La destrucción generada por los terremotos de los días 7 y 19 de septiembre pusieron de manifiesto, una vez más, los enormes rezagos sociales que persisten en el sur-sureste del país, pero sobre todo, lo que José Woldenberg señalaría alguna vez, como nuestra más grande “falla geológica”: la desigualdad. Desde esta perspectiva, a partir de ahora la solidaridad de los millones de personas que se volcaron para aliviar las necesidades de quienes resultaron afectados, debe convertirse en el único rasero aceptable de actuación para todas las autoridades
Hay tres medidas que deben tomarse si realmente se quiere aprovechar la tragedia para recomenzar; y es que estos sismos deberían llevarnos, no a reconstruir lo que se destruyó, sino a un reinicio en la forma en cómo concebimos al país.
La primera de ellas, es retomar la noción del desarrollo regional. Tenemos que comprender que de otro modo, lo que va a ocurrir es que se van a levantar nuevamente casas, para que en el próximo temblor haya otros cientos, quizá miles de edificaciones derruidas.

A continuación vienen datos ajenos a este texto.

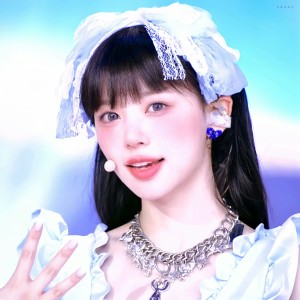 Listen to Magnetic (cover: ILLIT) (完整版) song with lyrics from Suemee57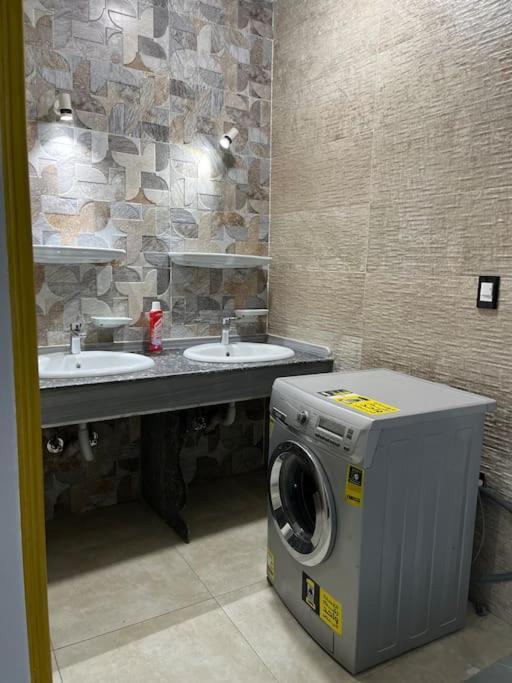 Apartment Spacious In The 5th Settlement Cairo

En efecto, del 2011 al 2017 se han canalizado más de 2 mil millones de pesos, a través del Fonden, para atención de casos de sismos en Chiapas, Guerrero y Oaxaca, a pesar de ello, en cada terremoto de alta magnitud ocurre lo mismo. Por esto, el reinicio en el sur-sureste del país debe dirigirse a garantizar vivienda digna para todos: porque no puede pensarse que sólo deben mejorarse las viviendas afectadas. ¿Y los demás qué? ¿A esperar que llegue el próximo sismo para que sus viviendas se vengan abajo y sólo así tener la oportunidad de mejorar sus entornos?
Si entre los años 2000 y 2017 han ocurrido más de 2,500 sismos de magnitud 4.5 o mayor, ¿se van a reconstruir viviendas sin diseñar nuevos mecanismos de aseguramiento? ¿Por qué se pudo hacer obligatorio el seguro para autos y no el de viviendas, para proteger el patrimonio de las familias?
Frente a lo anterior, lo primero que debe reactivarse es la inversión productiva del Estado en dos vías: 1) asumir que el proceso de reconstrucción debe traducirse en ciudades habitables, asumiendo como mínimo la agenda Hábitat de Naciones Unidas; y 2) crear un fondo de reconstrucción del calibre del que se planteó en Europa cuando terminó la II Guerra Mundial, para: ampliar y mejorar la infraestructura en salud, educación, así como el conjunto de servicios públicos a que el Estado está obligado, para garantizar los derechos humanos, tal y como está determinado en el Artículo 1º de la Constitución, bajo los principios de universalidad, integralidad y progresividad.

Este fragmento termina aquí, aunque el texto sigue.